さらにナボコフは文学のポーシュロスチを話題にしているという。

ナボコフは、たとえば新聞の文芸欄をにぎわせるベストセラー、「感動的で深遠で美しい」小説などのことを文学のポーシュロスチと呼んでいる。新聞を開くと、一面全体にとある小説の広告があって、その本を称賛する書評が並んでいる。あるものは「これはすべてを忘れて読み耽るたぐいの本である」といい、あるものは「最後のページをめくり終えた時、諸君は大いなる体験を経たあとのごとく、以前よりもややもの思いに沈んで日常の世界へ帰ってくる」といい、あるものはそれが「人間の魂の内部なるもっともひそやかな片隅を探るに巧みな大心理家の作品」だといっている。ナボコフの考えでは、「美しい」小説には「美しい」書評が付され、そうすることによって<poshlust>の輪は閉じるが、(・・・)「大衆」の好みに注意が払われている点を見落としてはいけない。(赤塚)

はははは、これはおそらく誰もが見たことのあるものだろう。懐かしのシドニィ・シェルダン『ゲームの達人』とか。先のマクルーハンの本にもこのような広告は取り上げられていたが、そこでは真の愛というものに辿り着くべくしてスワッピングする美人姉妹夫婦たちでさえ美しいものとなっている。ただの3流エロ小 説には眉をひそめるくせに、「真の愛の追求〜」などという何か崇高な目的があるかのような言い訳がついていると途端に飛びついてくるというわけだ。エロ小説ではなく「文学」なのだというポーズが必要なのである。そしてキッチュ人間にはそのポーズだけで足りるのであり、それが本当に「文学」なのかどうかとい うことには関心がないのである。
……つい悪ノリしてしまった。赤塚氏は次に、ナボコフが『ロシア文学講義』において「ポーシュロスチ」とほぼ同義の「俗物」を取り上げているという。読んでみると、これまた痛快である。

俗物(philistine)は成熟した大人であって、その関心の内容は物質的かつ常識的であり、その精神状態は彼または彼女の仲間や時代のありふれた思想と月並みな理想にかたちづくられている。(・・・)「ブルジョア」という言葉を、マルクスではなくフロベールの用例に従って私 は用いる。フロベールの意味での「ブルジョア」は一つの精神状態であって、財布の状態ではない。

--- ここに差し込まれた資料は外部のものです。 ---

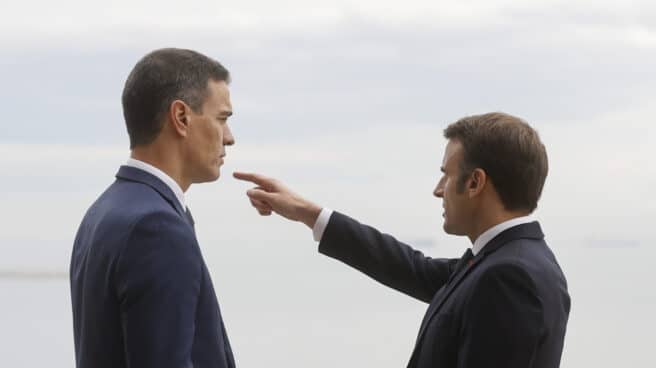 El presidente del Gobierno, Pedro Sánchez, y el presidente de Francia, Emmanuel Macron, conversan momentos antes de la cumbre de este 9 de diciembre de 2022 en Alicante para avanzar en el desarrollo del corredor submarino de hidrógeno verde H2Med, entre Barcelona y Marsella. El presidente del Gobierno, Pedro Sánchez, y el presidente de Francia, Emmanuel Macron, conversan momentos antes de la cumbre de este 9 de diciembre de 2022 en Alicante para avanzar en el desarrollo del corredor submarino de hidrógeno verde H2Med, entre Barcelona y Marsella.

ブルジョアは気取った俗物であり、威厳ある下司である。

順応しよう、帰属しよう、参加しようという衝動にたえず駆り立てられている俗物は、二つの渇望のあいだで引き裂かれている。一つは、みんなのするようにしたい、何百万もの人びとがあの品物を褒め、この品物を使っているから、自分も同じものを褒めたり使ったりしたい、という渇望である。もう一つは排他的な場、何かの組織や、クラブ、ホテルなどの常連、あるいは豪華客船の社交場(白い制服を着た船長や、すばらしい食事)に所属し、一流会社の社長やヨーロッパ の伯爵が隣に座っているのを見て喜びたい、という渇望である。

フロベールとは『紋切型辞典』を書いた人である。ステレオタイプを笑い者にしていてなかなか面白い。上の「ブルジョア」の使い方も上手い。
順応しよう、帰属しよう〜という衝動はまさにキッチュの「中庸の徳」と合致する。後者の特権階級志向は、またしてもステイタスシンボルの話である。このように見てくると、俗物=キッチュ人間 Kitschmensch とも言えるようだ。
さて赤塚氏によればクンデラは、キッチュに対する考え方のみならず、あらゆる方面においてオーストリア生まれの作家ヘルマン=ブロッホの影響を強く受けているとのことである。したがって話はブロッホのキッチュ論へと移るわけだが、私の読んだ感じでは以下の2点のみを取り上げることとする(単に私の理解でき る部分があまりなかったから……)。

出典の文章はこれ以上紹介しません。